文化の秋、芸術の秋とあってか、大変忙しい一カ月でした。それも終わり、昨日からは少し余裕が出来ましたので、次の句集の準備を始めました。第4句集になります。平成30年正月以降の句を纏め、来年か再来年には上梓したいと思っています。句集名をどうするか、これから考えますが、引き続き鳥に関連するものにしようと思います。
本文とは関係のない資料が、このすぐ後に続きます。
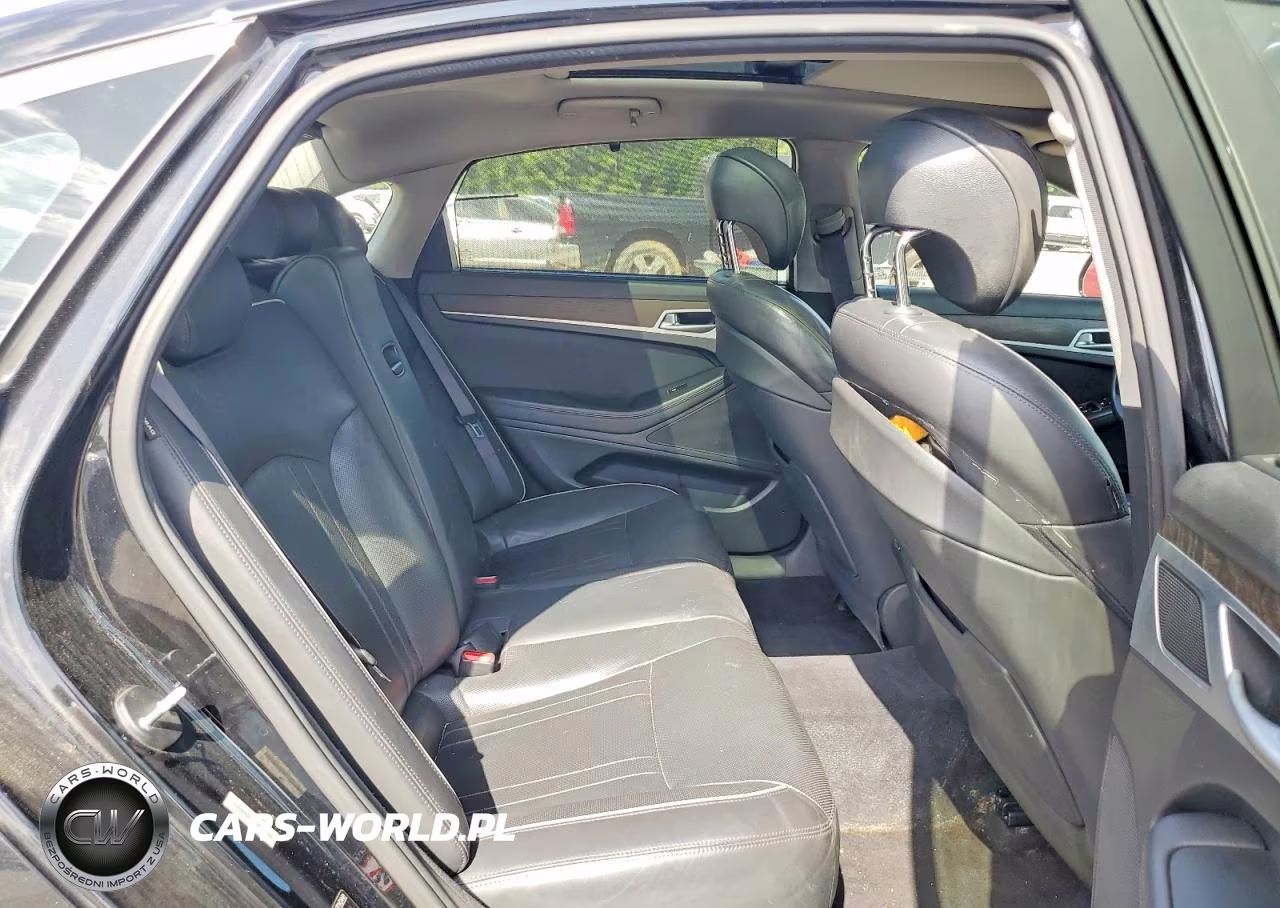 2015 Hyundai Genesis 5.0L VIN:KMHGN4JF9FU028533 - 10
さて、今月も各地の支部や句会から後日選を沢山お送り頂きました。その中に、「かな」で終る句もあったのですが、間違いではないのですが、使い方で損をしている、そんな句が散見されました。例えば、ある方の句ですが、
旅の宿会話弾みて夜長かな
句意は明確、このままで何が悪いと言われると困るのですが、句の調べ(リズム)の流れを考えみると、「弾みて」で一瞬止まるのを感じませんか?さらに読んで行くと、最後の「かな」でぎゅっとブレーキが効いて止まります。つまり、ブレーキが2回、最初は軽く、2回目は本格的にブレーキを踏んでいる感じがします。これに対して、他の句を見てみますと、
お向ひも裏も夜長の明かりかな
夜の更けて秋風を聞く独かな
今朝の汁摘み菜の香る旨さかな
どの句も、自動車が停止線でぴたりと止まるように、最後の「かな」で無理なく止まります。その秘密は、中七が下五へ無理なく続くからです。夜長の明かりかな、秋風を聞く独かな、香る旨さかな、と素直に続きます。掲題の句は
旅の宿会話の弾む夜長かな
旅の宿会話弾みし夜長かな
としたら、どうでしょう。最後を「かな」と止める句が詠めたら、「かな」までの調べに気を付けて、ブレーキの効き具合を点検してみましょう。